A light estimate of sin is the bane of modern Christian thought. It is attended by a depreciation of the moral law. Since the law underlies the atonement, whatever lessens the majesty of the law detracts from the necessity and value of the atonement. Thus these fundamentals all suffer loss when one of them, sin, law, atonement, is discounted. To these three vital doctrines we may add the pardon of sin and sanctification, together with eternal retribution. When one of these doctrines is undervalued, all are soon weakened. Says Principal Moule:

A full, strong current of opinion in the professing Church of Christ runs at the present day directly against a grave, thoroughgoing doctrine of sin and its correlative truths of eternal judgment and of the unspeakable need of the atoning blood and of a living personal faith in the crucified and risen One. One would think that some earnest teachers had learned, by some other path surely than that of the Word of God, to look with temperate eyes upon sin as a phenomenon sure at last to disappear under long processes of divine order.

The final evanescence of moral evil is a pleasing delusion of liberalism which cannot endure the idea of sin as an eternal blot on the face of the universe. A careful study of the parables of Christ shows the human family in the day of judgment separated and sentenced to the opposite destinies of punishment and reward with no hint of an ultimate reunion. Moral evil as a finalty under the government of omnipotent goodness is a problem of less difficulty than the permission of sin by absolute holiness. The argument which justifies the arbitrary non-prevention of sin will justify its sovereign non-extinction. But we need no such argument. God has only one way for the extinction of sin, the blood of His Son presented by penitent faith. He will never crush sin with an almighty trip hammer, as Universalists desire; nor will He crush the sinner into nonentity to suit annihilationism. Hence final impenitence can have no other sequence than everlasting misery. Without any revelation Plato comes to this conclusion. His moral reason demanded it. Hence it is not unreasonable.

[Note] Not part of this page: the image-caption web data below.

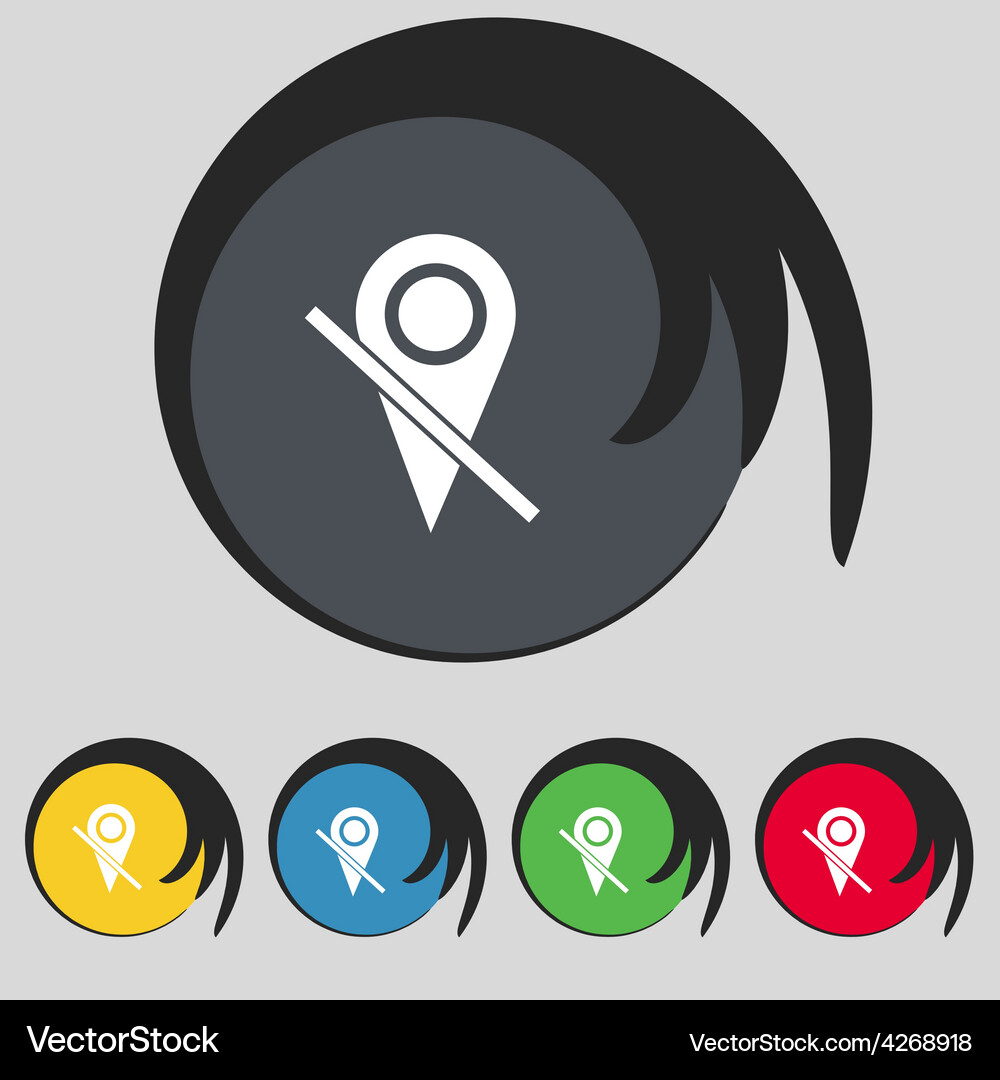 Map pointer icon sign symbol on five colored Vector Image
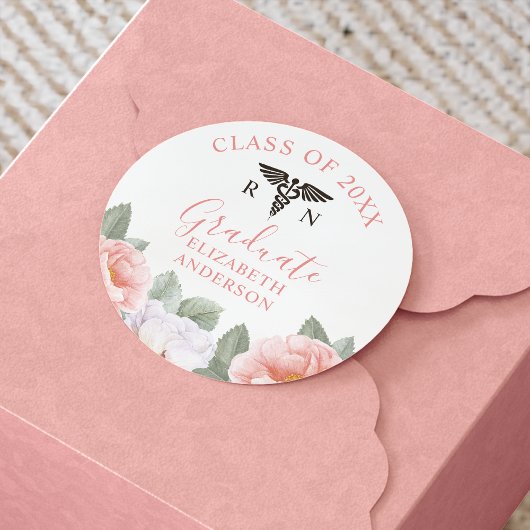 Klasse van Verpleegkunde Afstuderen Roze Bloemen W Ronde Sticker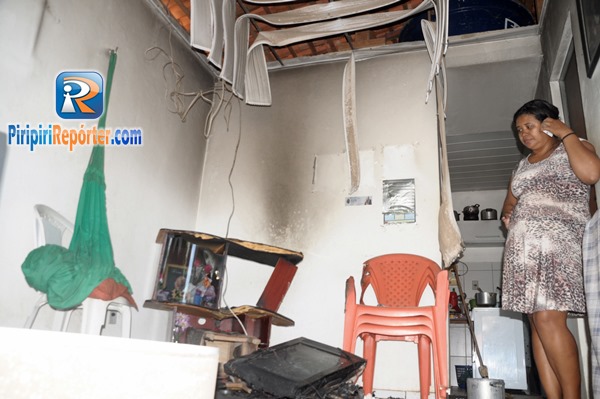 Curto-circuito provoca incêndio em casa em Piripiri (Crédito: Piripiri repórter )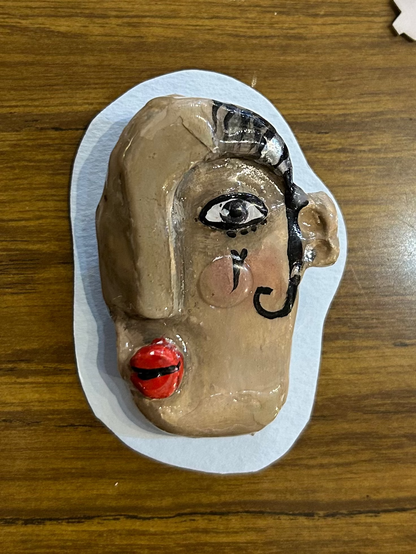 Ceramic Face Brooch by Jan Cooper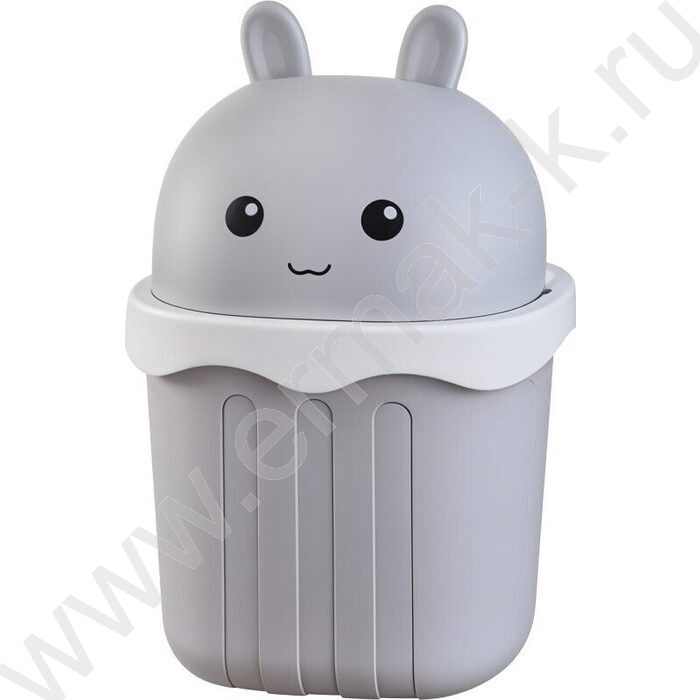 Контейнер д/бумаг настольный 15*15*21см "Gray Bunny" с крышкой в головы зайца /серый | Фото 1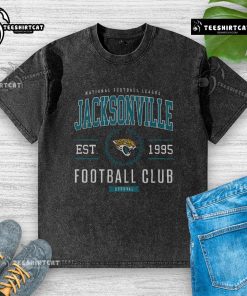 Premium Jacksonville Jaguars Football Club washed t-shirt in team colors, showcasing the logo and casual style.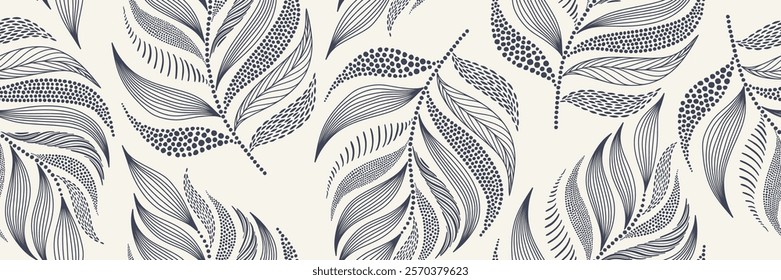 Abstract floral background with leaf seamless pattern with dotted flat style.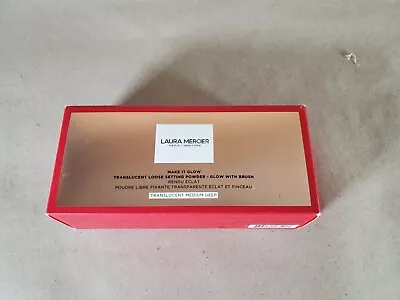 LAURA MERCIER Make It Glow Setting Powder (Medium-Deep) Full Size+Brush Set NIB • $35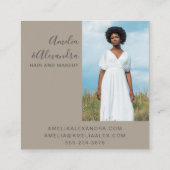 Minimalistisch Vet Script Boho Taupe Bruin Foto Vierkante Visitekaartje (Achterkant)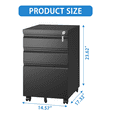 thumbnail image 3 of Hassch 3 Drawer File Cabinet with Lock and Wheels, Rolling Filing Cabinet for Home Office, Mobile Metal Cabinet for Letters/Legal/A4, Black, 3 of 7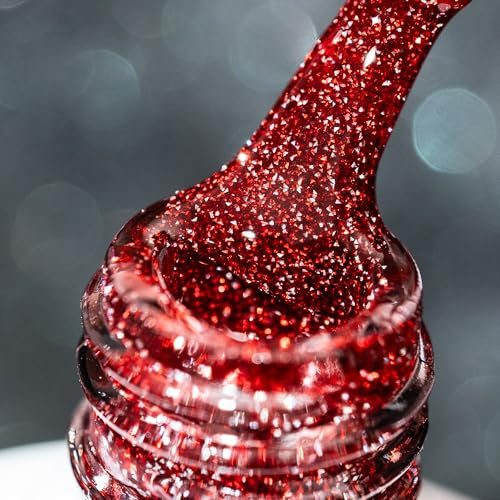 BURANO UV Glitzer Nagellack, 7.3ml Reflective Nagel Gel UV lack, Rot Nägel Nagellack Led Holographisch Gel Polish Curing Need S26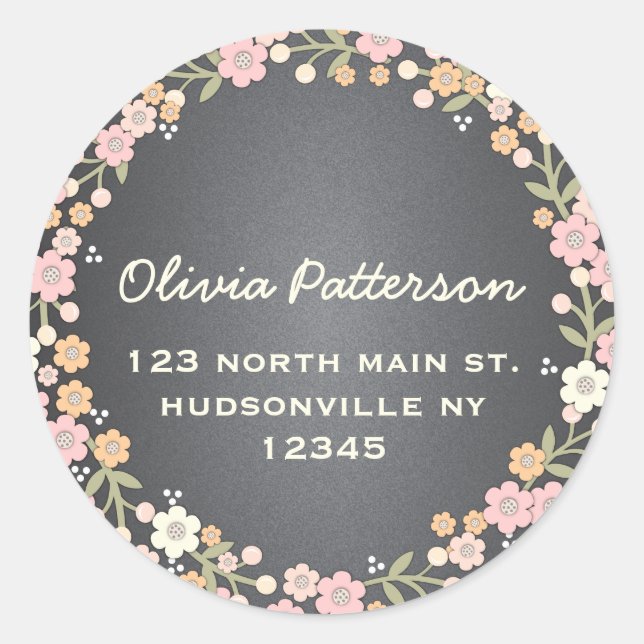 Charming Garden Floral Wreath Address Sticker (Front)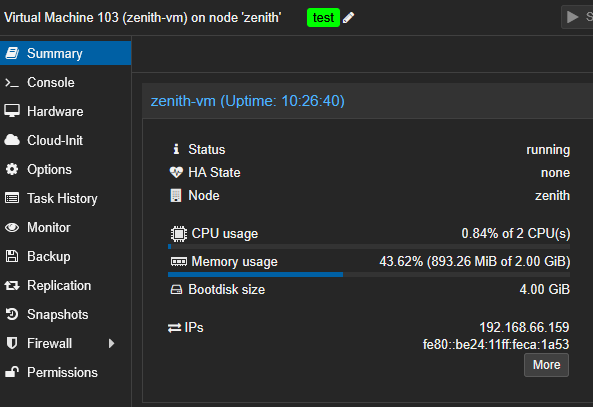 VM sur l'interface Proxmox déployé avec le module Terraform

What is the remedy for inadequate and superficial views of sin as a transient, cutaneous disease soon to be outgrown by the soul? Preach earnestly and persistently the office of the Paraclete as the convincer of the stupendous sin of unbelief toward Christ, of righteousness and of judgment to come. Liberalism can be cured only by the awakening truths of Christ's gospel. No office of the Comforter can be neglected without moral disaster, which always overtakes those who advance beyond the New Testament in their fancied progress. "Whosoever goeth onward and abideth not in the teaching of Christ hath not God" (II John 9, Revised Version).

— from The Gospel of the Comforter (1898) Chapter 6.